Emotional Bank Account

The Emotional Bank Account


I was first introduced to the emotional bank account when reading The 7 Habits of Highly Effective People by Stephen R. Covey.

We are all familiar with a financial bank account.

Making regular deposits into a savings account to build up a reserve from which we can withdraw when needed.

The emotional bank account is a metaphor for the amount of trust, the currency of relationships, that we’ve built up with others.

To make deposits into an Emotional Bank account with you, I can do this by listening, being respectful, sharing knowledge, and keeping my commitments.

As I continue to make deposits, your trust in me grows, and I can call on that trust many times if I need to.

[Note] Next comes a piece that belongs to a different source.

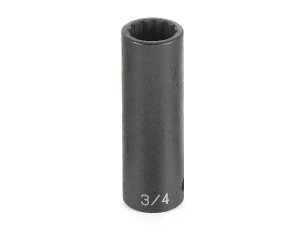 Solid Grey Pneumatic 2132D – 1 2 quot Drive x 1 quot Deep Length Impact Socket High-Grade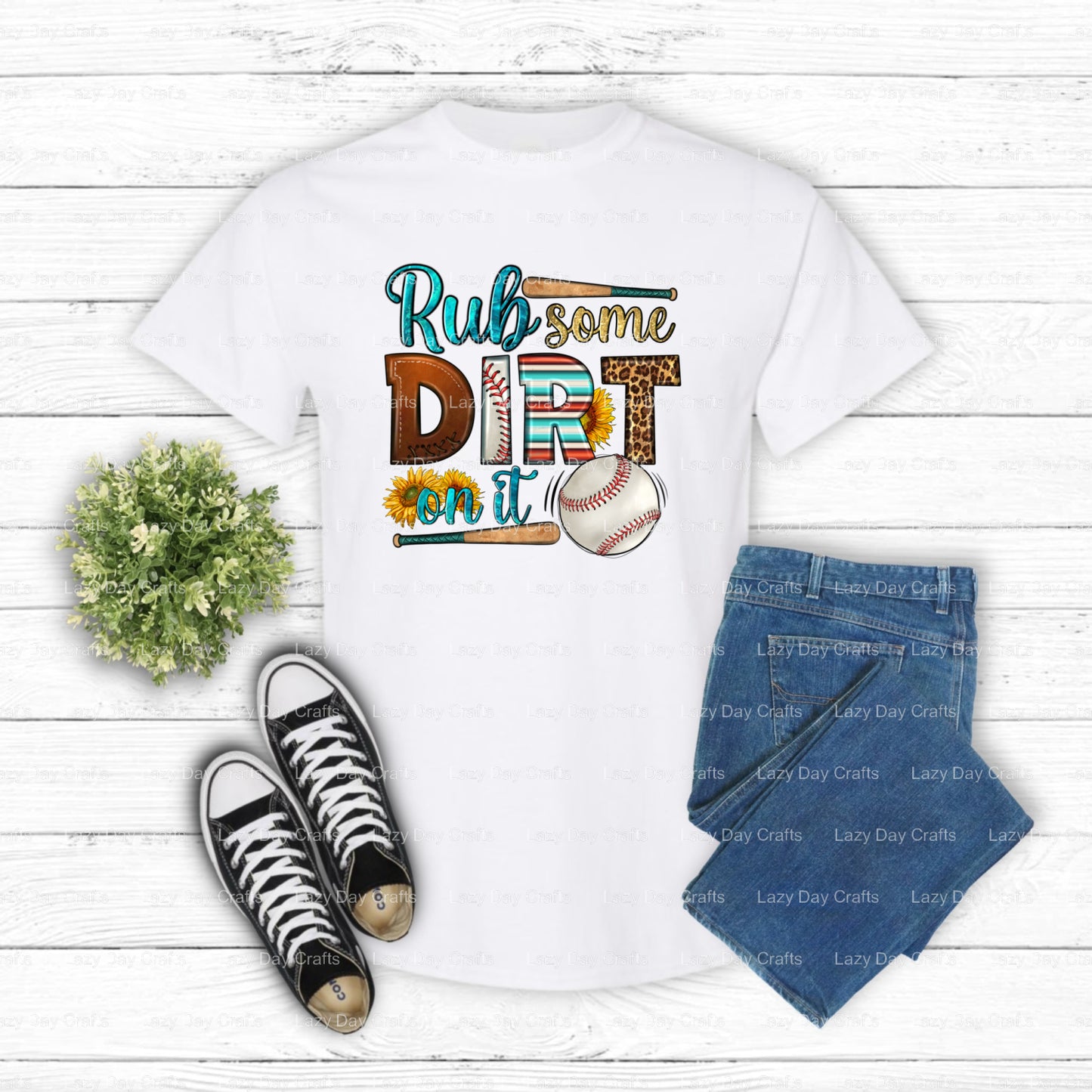 Rub Some Dirt On It – Baseball DTF Transfer (view 2 of 2) – by Lazy Day Crafts – DTF Transfers – Baseball, DTF Transfers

I can even mess up and make a mistake, and when the trust balance is high, it will be easily forgiven.

When the trust reserve is high, communication is easy and effortless.

Stephen describes this as “the feeling of safeness you have with another human being.”

However, suppose I have the habit of being disrespectful, never listening to your input, failing to deliver on my commitments, and continuing to make demands. In that case, the Emotional Bank Account will become overdrawn.

When the trust level is low, communication is guarded, difficult, defensive, tense, and potentially hostile.

It’s like walking through a minefield, just waiting for something to blow up.

At work, it leads to micromanagement, bureaucracy, backstabbing, office politics, and an unhealthy work environment.

In families, it leads to strained relationships between parents and kids with lots of yelling, worrying, and suspicion.

And in marriages, it leads to hidden agendas, mistakes being remembered as weapons, and suppression of real issues, which will deteriorate into divorce.

Have you made enough deposits with the people around you?

Here’s how to improve the quality of your relationships in 3 simple steps.

  • Step 1: Pick a meaningful relationship in your life
  • Step 2: Each day, make a conscious choice to make a deposit to that person’s emotional bank account.
  • Step 3: Repeat for 30 days and notice how the quality of the relationship changes over time.